ABOUT THIS EXERCISE: Leaving out the pictures, reproduce each record exactly and in full.

--- RECORDS FOR THIS TASK Enclosed Below ---

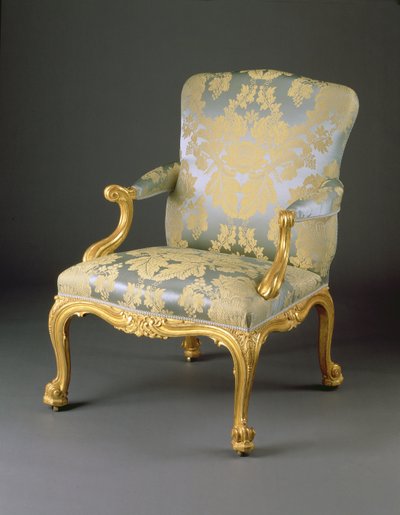 一套四件乔治三世扶手椅，1765年（雕刻的镀金木和室内装潢） 作者 英语学校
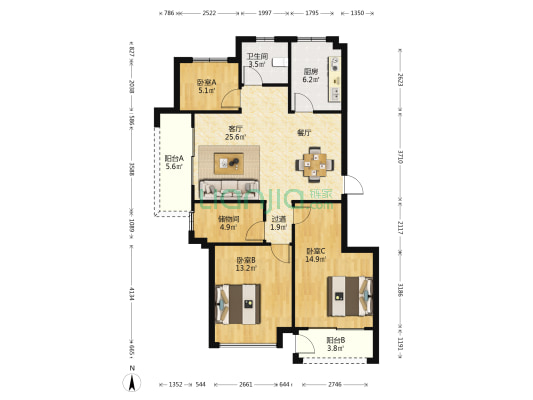 金越府 3室1厅1卫 105平方
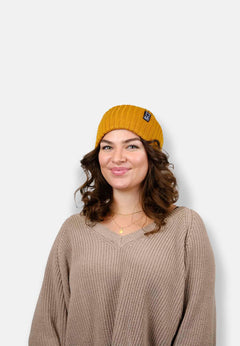 Hoofdverwarming beanie geel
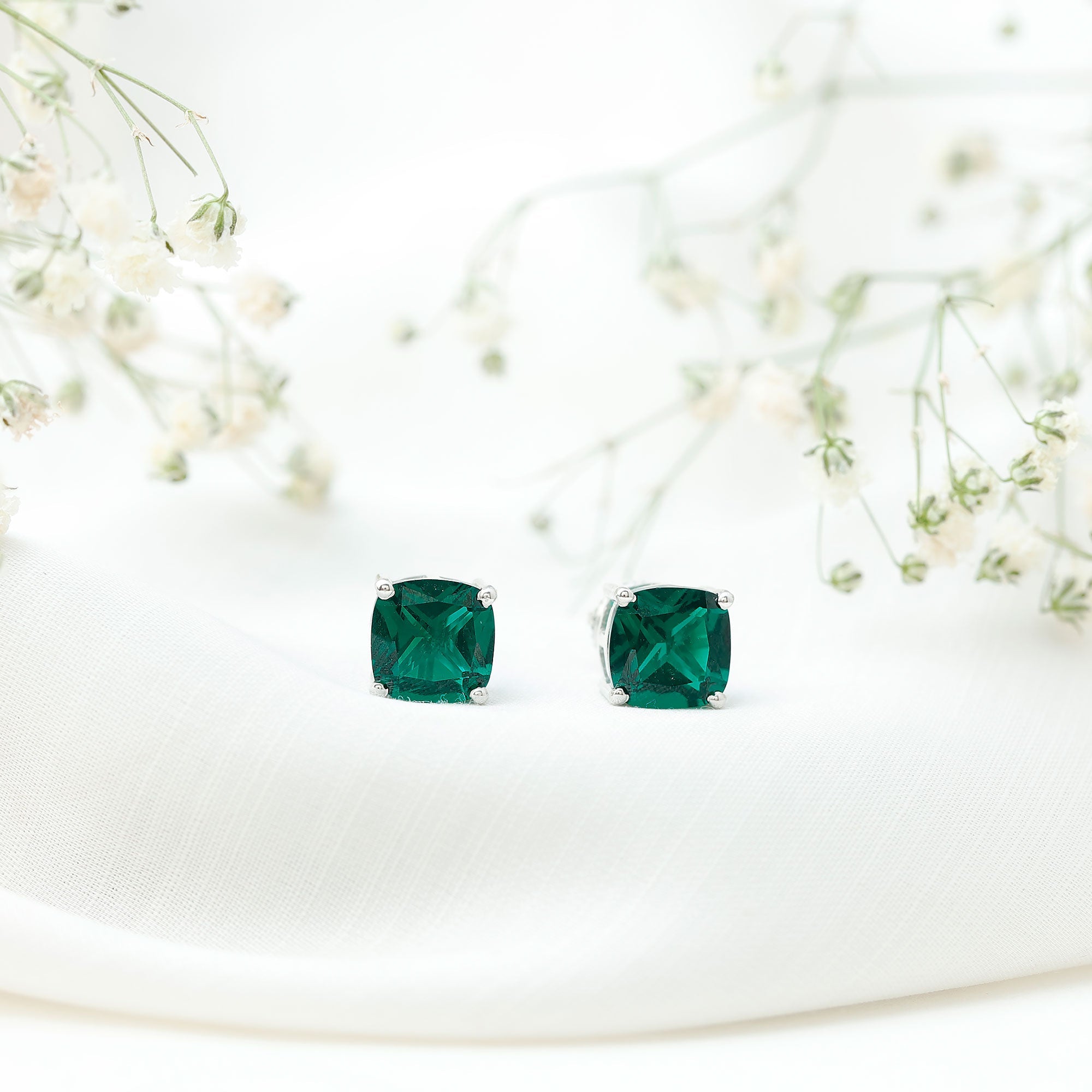 Created Emerald Stud Earrings – 4.2 Carat Cushion Cut Solitaire Prong Setting
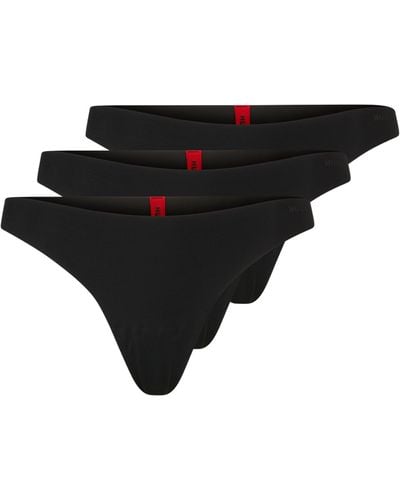 HUGO Three-pack Of Microfibre Thongs With Logo Print - Black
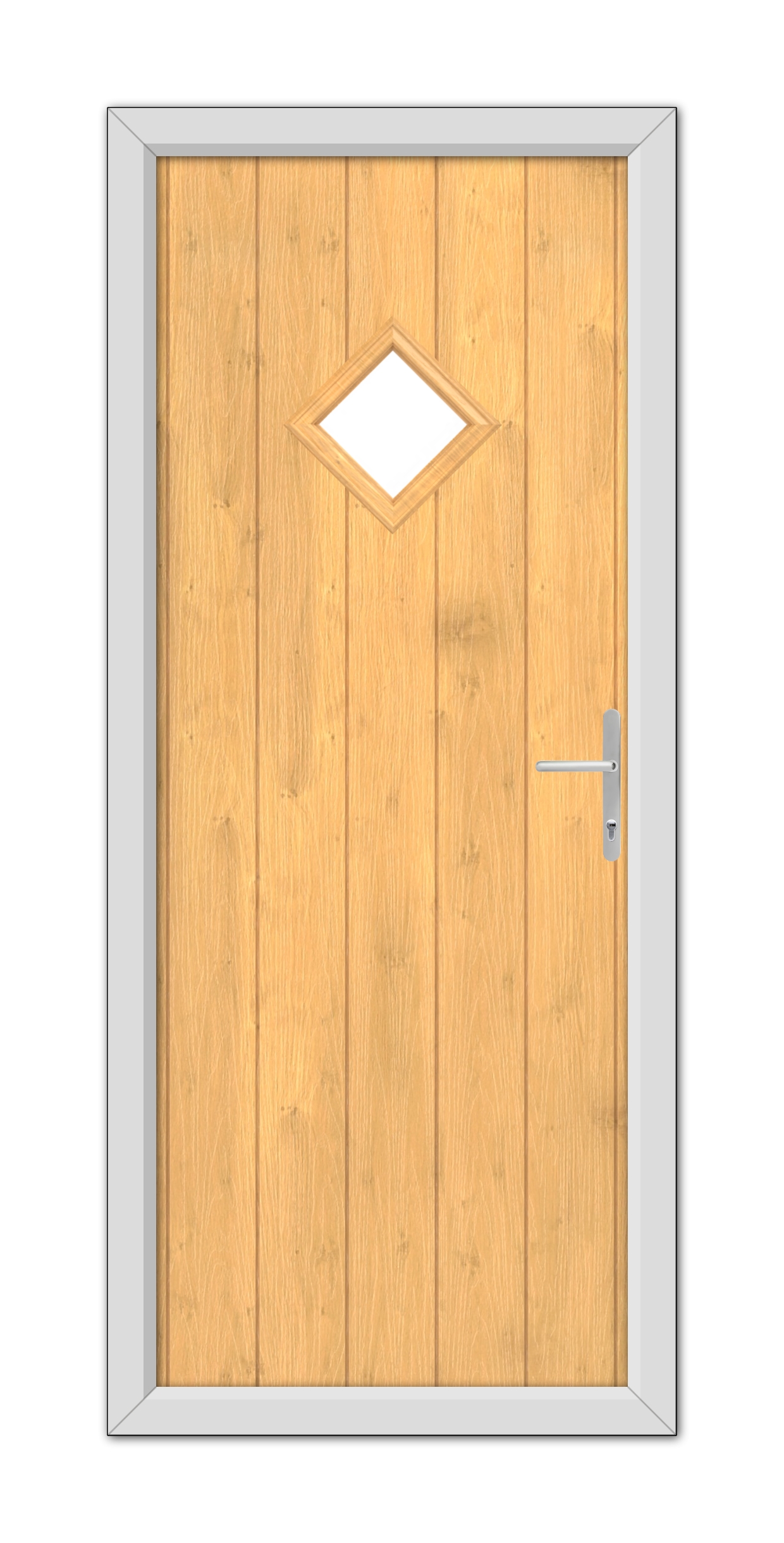 An Irish Oak Cornwall Composite Door 48mm Timber Core with a diamond-shaped window, set within a gray frame, featuring a modern handle on the right side.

--- End of Enclosed RECORDS FOR THIS TASK ---

TASK RESULT:
 一套四件乔治三世扶手椅，1765年（雕刻的镀金木和室内装潢） 作者 英语学校
 金越府 3室1厅1卫 105平方
 Hoofdverwarming beanie geel
 Created Emerald Stud Earrings – 4.2 Carat Cushion Cut Solitaire Prong Setting
 HUGO Three-pack Of Microfibre Thongs With Logo Print - Black
 An Irish Oak Cornwall Composite Door 48mm Timber Core with a diamond-shaped window, set within a gray frame, featuring a modern handle on the right side.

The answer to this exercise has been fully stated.